On March 4, 2009, the company announced a proposed business combination with Western Goldfields. Under the terms, New Gold will acquire by way of a plan of arrangement all of the outstanding common shares of Western Goldfields on the basis of one New Gold common share and C$0.0001 in cash for each common share of Western Goldfields (the "Transaction"). Upon completion of the Transaction, existing New Gold and Western Goldfields shareholders will own approximately 58% and 42% of the combined company, respectively. Based on the closing price of New Gold's common shares on the TSX of C$2.30 on March 3, 2009, this offer represented a premium of 19.2% to the closing price of Western Goldfields shares on the TSX on March 3, 2009 and 20.1% to the 20-day volume weighted average trading price of both companies' shares on the TSX. Highlights of the Transaction:
- Diversified gold production base from three gold mines in
mining-friendly jurisdictions with forecasted gold production of
approximately 335,000 ounces in 2009, expected to increase to over
400,000 ounces in 2012
- Strong cash flow to fund development of the New Afton copper-gold
project in British Columbia, Canada
- Delivers on industry consolidation in a rising gold price environment
- Combines experienced management teams and boards of directors
- Enhances market presence
The Annual and Special Meetings for the shareholders of New Gold and Western Goldfields will be held on May 13, 2009 and May 14, 2009, respectively. The meeting materials for both companies were mailed to shareholders last week and filed on SEDAR at www.sedar.com. The New Gold materials are also available on the homepage of the company's website at www.newgold.com. The Transaction is expected to close on or about June 1, 2009.

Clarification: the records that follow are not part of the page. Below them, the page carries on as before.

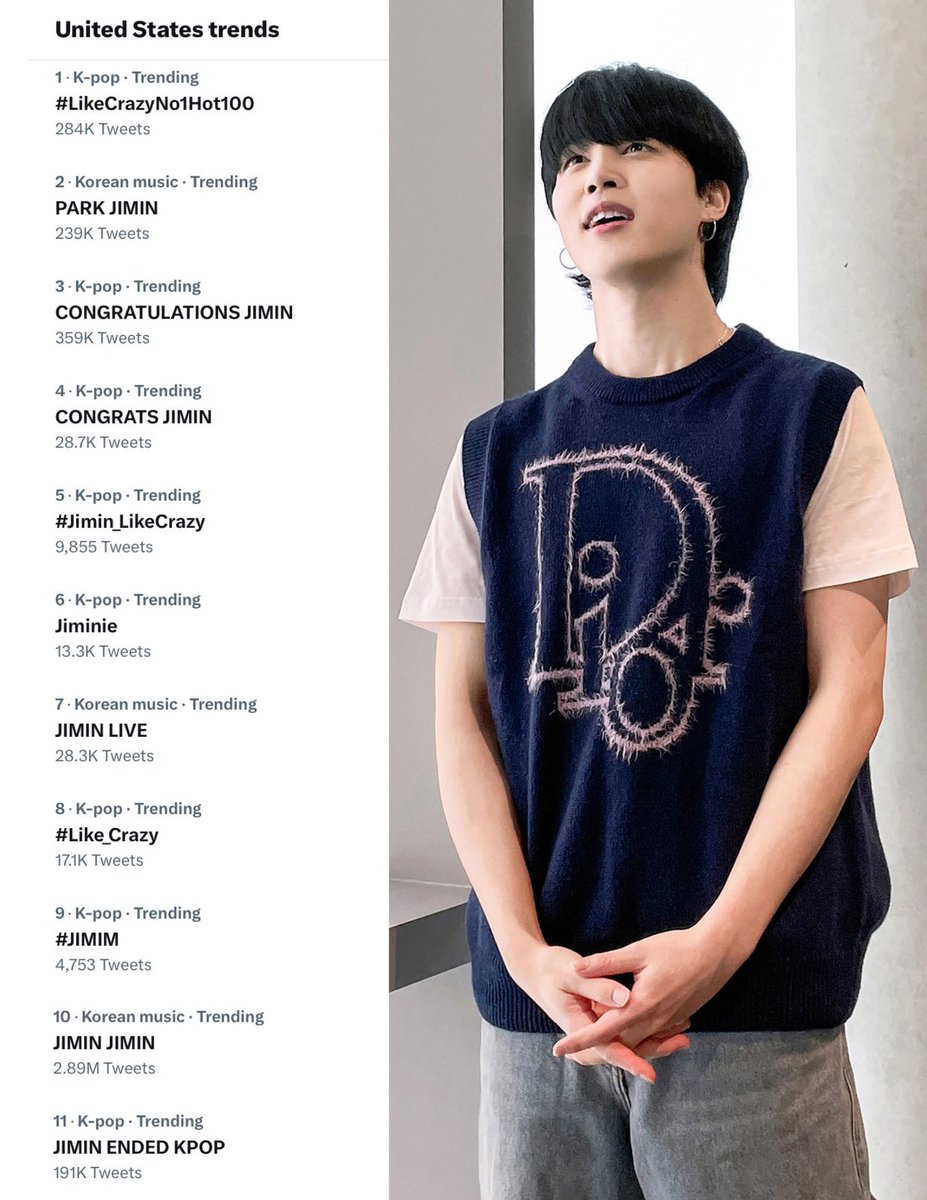 JiminGlobal's tweet photo. Jimin also occupied the entire Top 11 Trends in the United States following the release of Hot 100 Chart! 🔥

1 #LikeCrazyNo1Hot100
2 PARK JIMIN
3 CONGRATULATIONS JIMIN
4 CONGRATS JIMIN
5 #Jimin_LikeCrazy
6 Jiminie
7 JIMIN LIVE
8 #Like_Crazy
9 #JIMIM
10 JIMIN JIMIN
11 JIMIN ENDED KPOP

Robert Gallagher, President and Chief Executive Officer said "We are thrilled with the opportunity of building the leading intermediate gold producer with the recent announcement of the business combination with Western Goldfields. This is in line with our growth strategy and vision of becoming a one million ounce gold producer by 2012. This combination represents significant value for both the New Gold and Western Goldfields shareholders with a greater leverage to gold, immediate increase in production and operating cash flow, and strengthened financial position to contribute to the funding of our New Afton development project."
Conference Call-in Details
The first quarter financial results will be issued before market open on Wednesday, May 13, 2009. New Gold will hold a conference call to discuss these results at 10:00am E.T. Anyone may join the call by dialling toll free 1-888-789-9572 or +1-416-695-7806 to access the call from outside Canada or the U.S. Passcode 5423385. You can listen to a recorded playback of the call after the event until June 25, 2009 by dialling 1-800-408-3053 or +1-416-695-5800 for calls outside Canada and the U.S. Passcode No. 2830064.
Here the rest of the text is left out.